__TRY IT__
In the material below, find the span from the line with "Autumn Leaves Fall" to the line with "Domanda di Partecipazione" and transcribe only those lines, exactly, ends included, without the pictures.

[[ DATA FOR THIS TASK open ]]

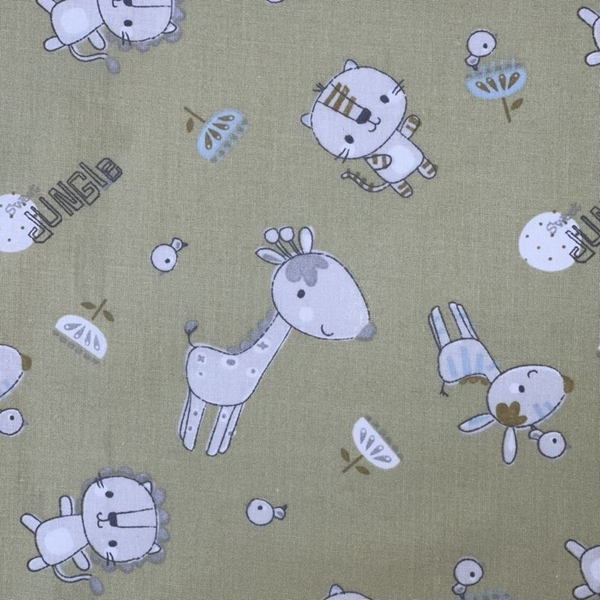 COUPON COTON JUNGLE BEIGE 1M50 X 1M40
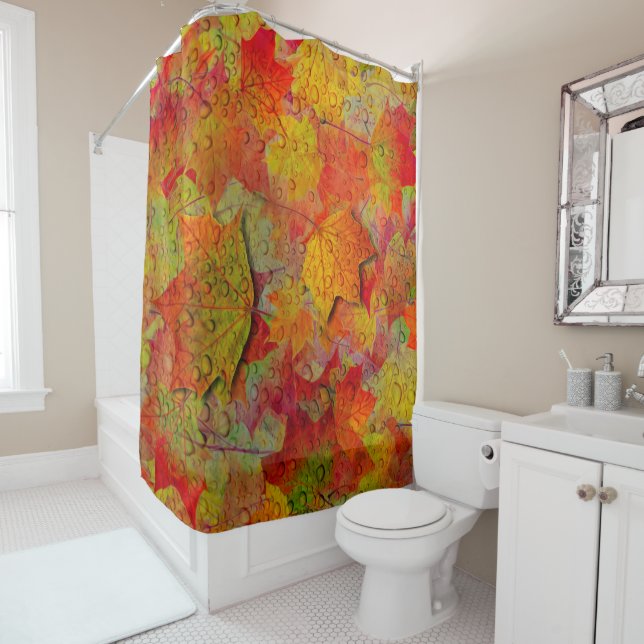 Autumn Leaves Fall Colorful Nature Seasonal leaf Shower Curtain (In Situ)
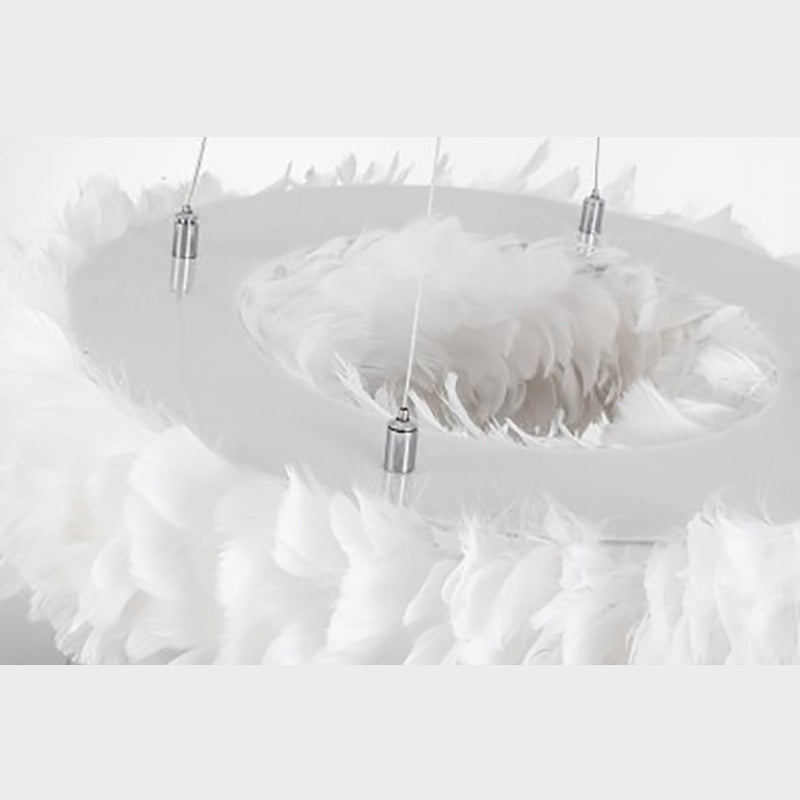 White Circular Hanging Lamp in Modern Fashionable Style Wrought Iron Chandelier with Feather Shade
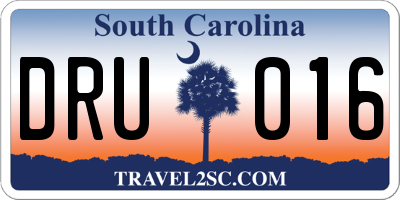SC license plate DRU016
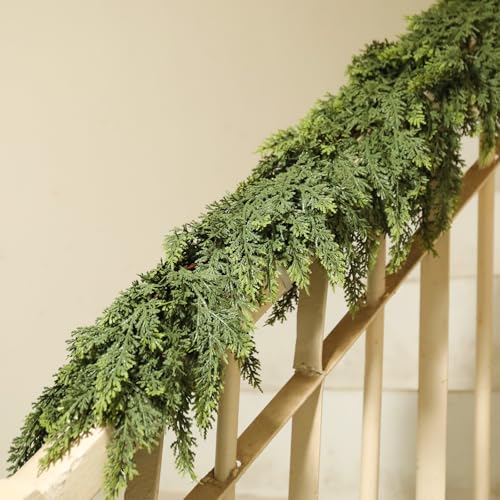 Artificial Cedar Garland - 6FT Holiday Christmas Wreath Decoration, 2PCS - Variation of Cedar Garland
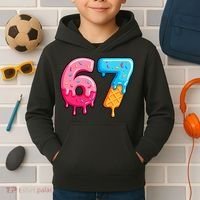 Six Seven Ice Cream Drip Cool Meme 67 Funny  Kids Hoodie thumb 2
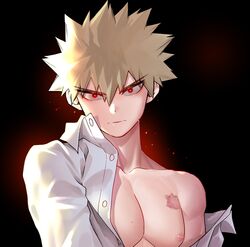  1boy abs bakugou_katsuki blonde_hair boku_no_hero_academia closed_mouth highres looking_at_viewer male_focus muscular muscular_male nipples open_clothes open_shirt red_eyes seoltang_(nitro_sugar) shirt short_hair solo spiked_hair white_shirt 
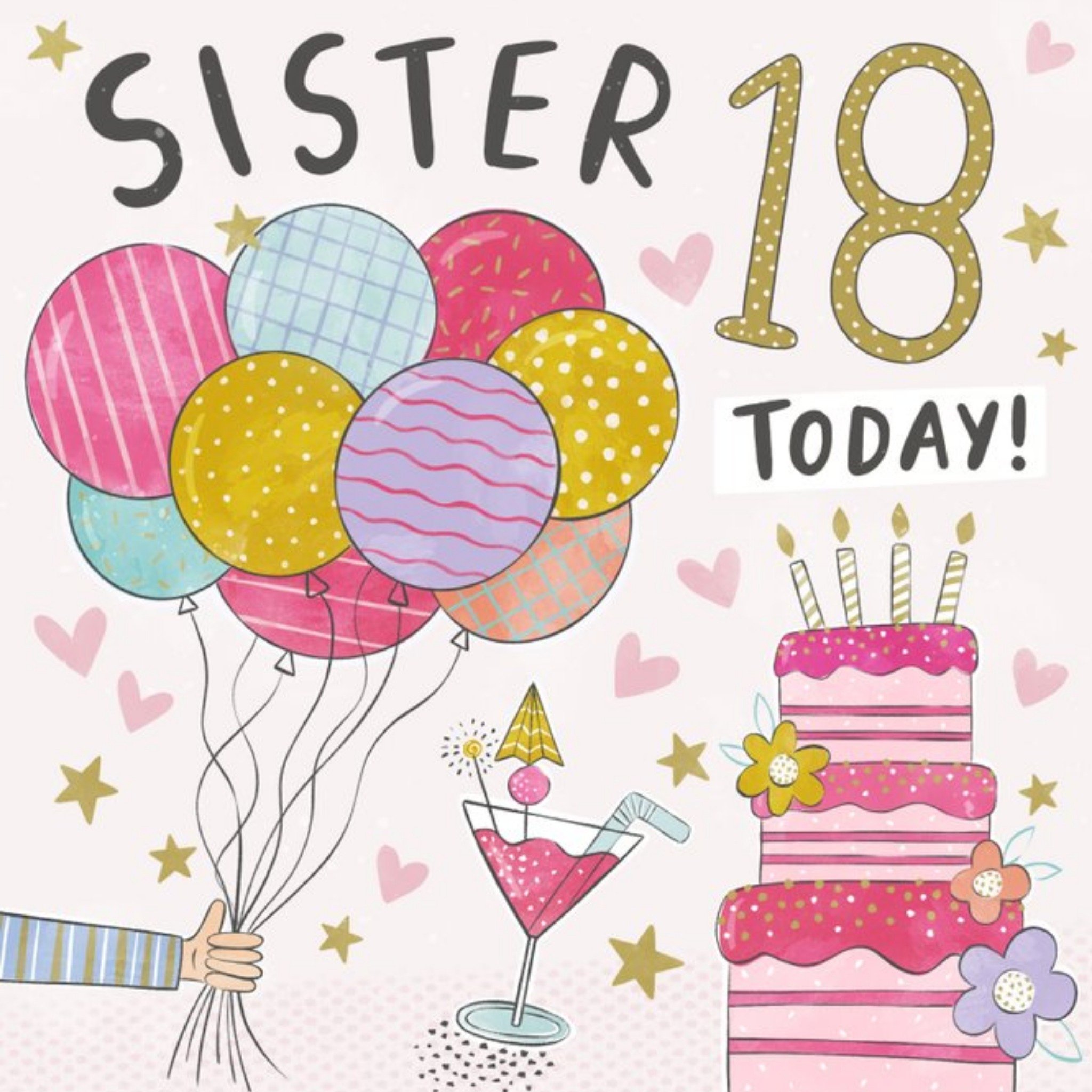 Moonpig Fun Cute Illustration Sister 18 Today Birthday Card, Square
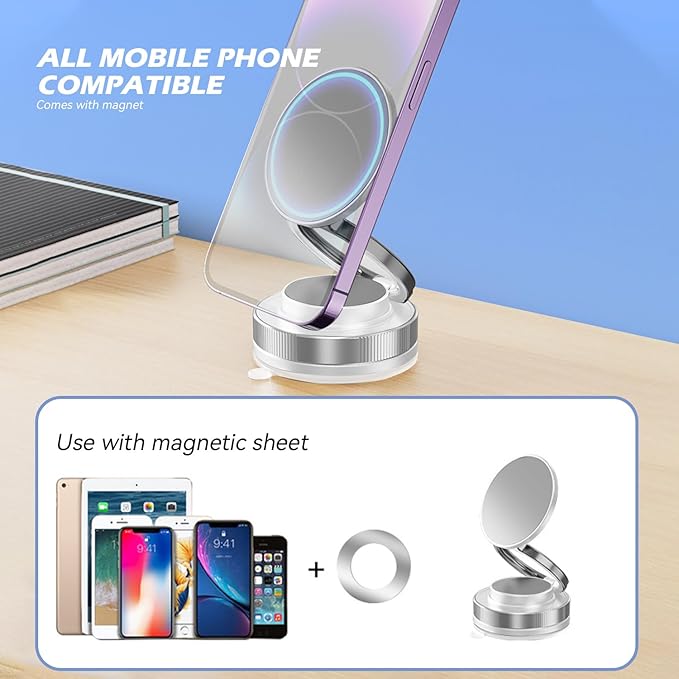 Support magnétique de téléphone pour voiture, compatible avec MagSafe, support universel rotatif à 360° pour téléphone portable avec ventouse puissante, support pour iPhone et appareils mobiles, blanc
Couleur: blanc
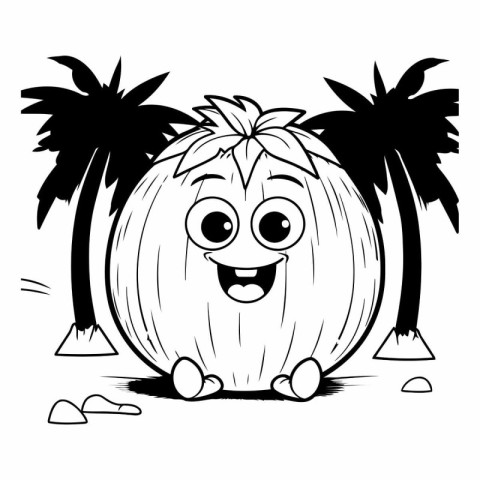 Coconut Cartoon Mascot Character With Palm Tree Illustration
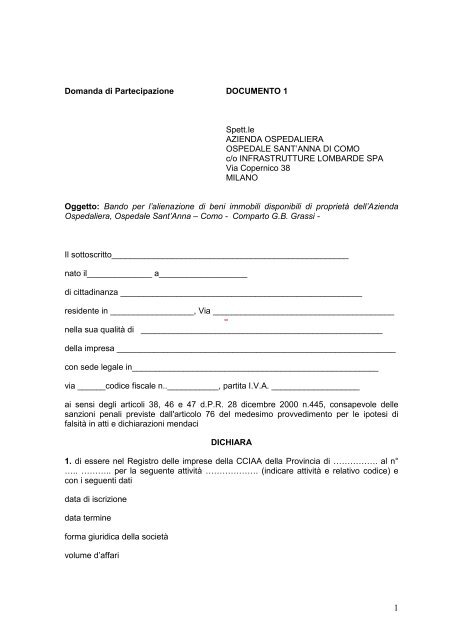 Domanda di Partecipazione DOCUMENTO 1 Spett.le AZIENDA ...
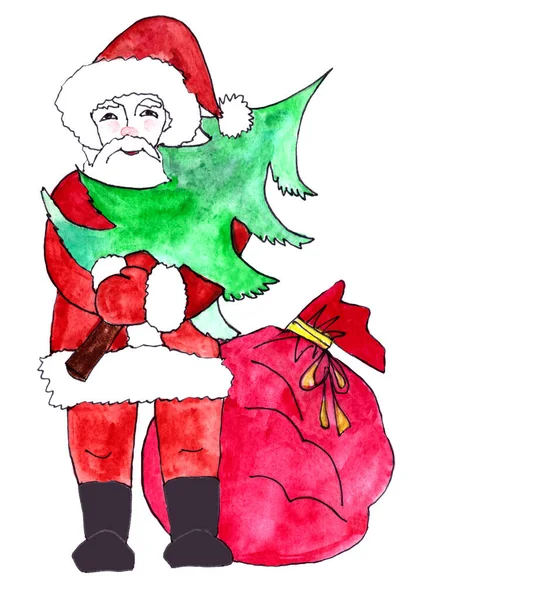 Père Noël Avec Arbre Noël Sac Cadeaux Illustration Graphique Aquarelle — Photo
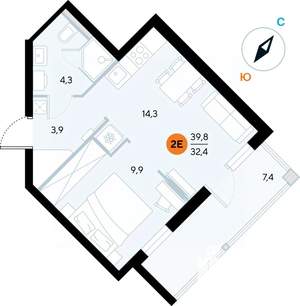 1-к квартира, строящийся дом, 40м2, 4/7 этаж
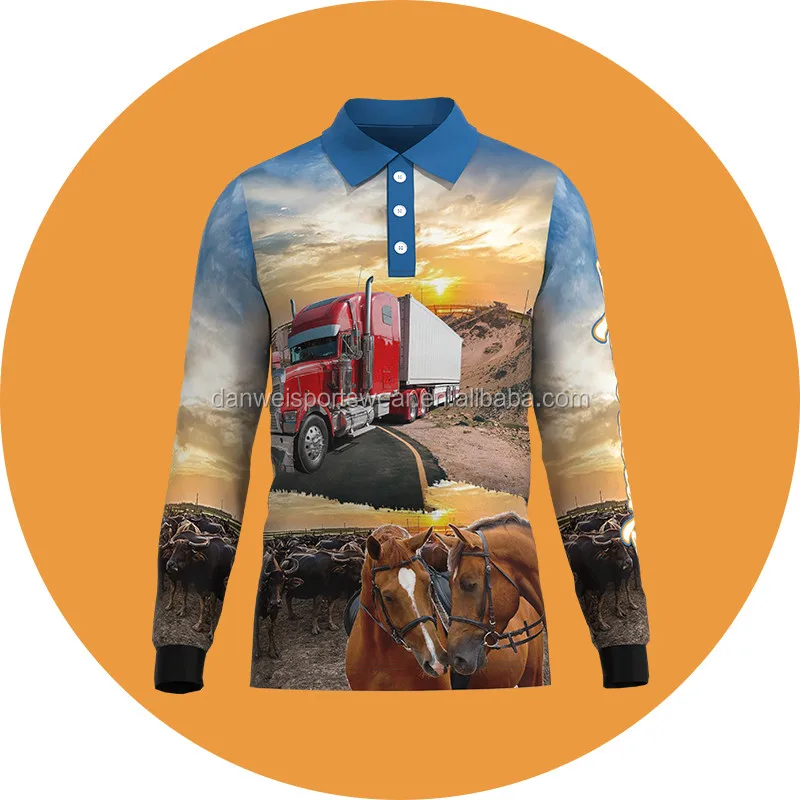 

Full sublimation button up design your own logo fishing shirt kids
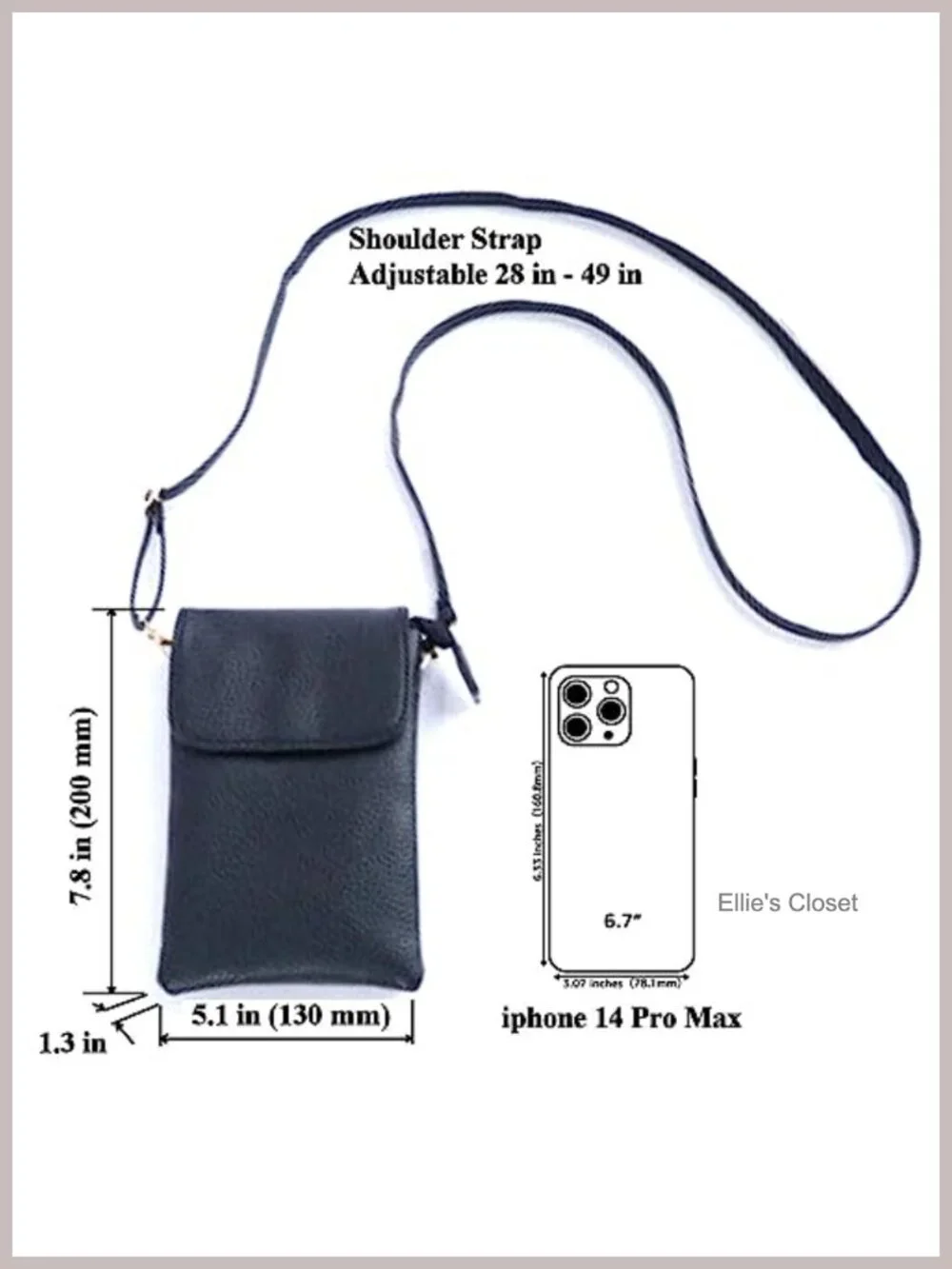 Vegan Leather Crossbody Phone Bag Purse with Adjustable Strap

[[ DATA FOR THIS TASK closed ]]

__ANSWER FOR THIS EXERCISE__
 Autumn Leaves Fall Colorful Nature Seasonal leaf Shower Curtain (In Situ)
 White Circular Hanging Lamp in Modern Fashionable Style Wrought Iron Chandelier with Feather Shade
SC license plate DRU016
 Artificial Cedar Garland - 6FT Holiday Christmas Wreath Decoration, 2PCS - Variation of Cedar Garland
 Six Seven Ice Cream Drip Cool Meme 67 Funny  Kids Hoodie thumb 2
  1boy abs bakugou_katsuki blonde_hair boku_no_hero_academia closed_mouth highres looking_at_viewer male_focus muscular muscular_male nipples open_clothes open_shirt red_eyes seoltang_(nitro_sugar) shirt short_hair solo spiked_hair white_shirt 
 Moonpig Fun Cute Illustration Sister 18 Today Birthday Card, Square
 Support magnétique de téléphone pour voiture, compatible avec MagSafe, support universel rotatif à 360° pour téléphone portable avec ventouse puissante, support pour iPhone et appareils mobiles, blanc
Couleur: blanc
 Coconut Cartoon Mascot Character With Palm Tree Illustration
 Domanda di Partecipazione DOCUMENTO 1 Spett.le AZIENDA ...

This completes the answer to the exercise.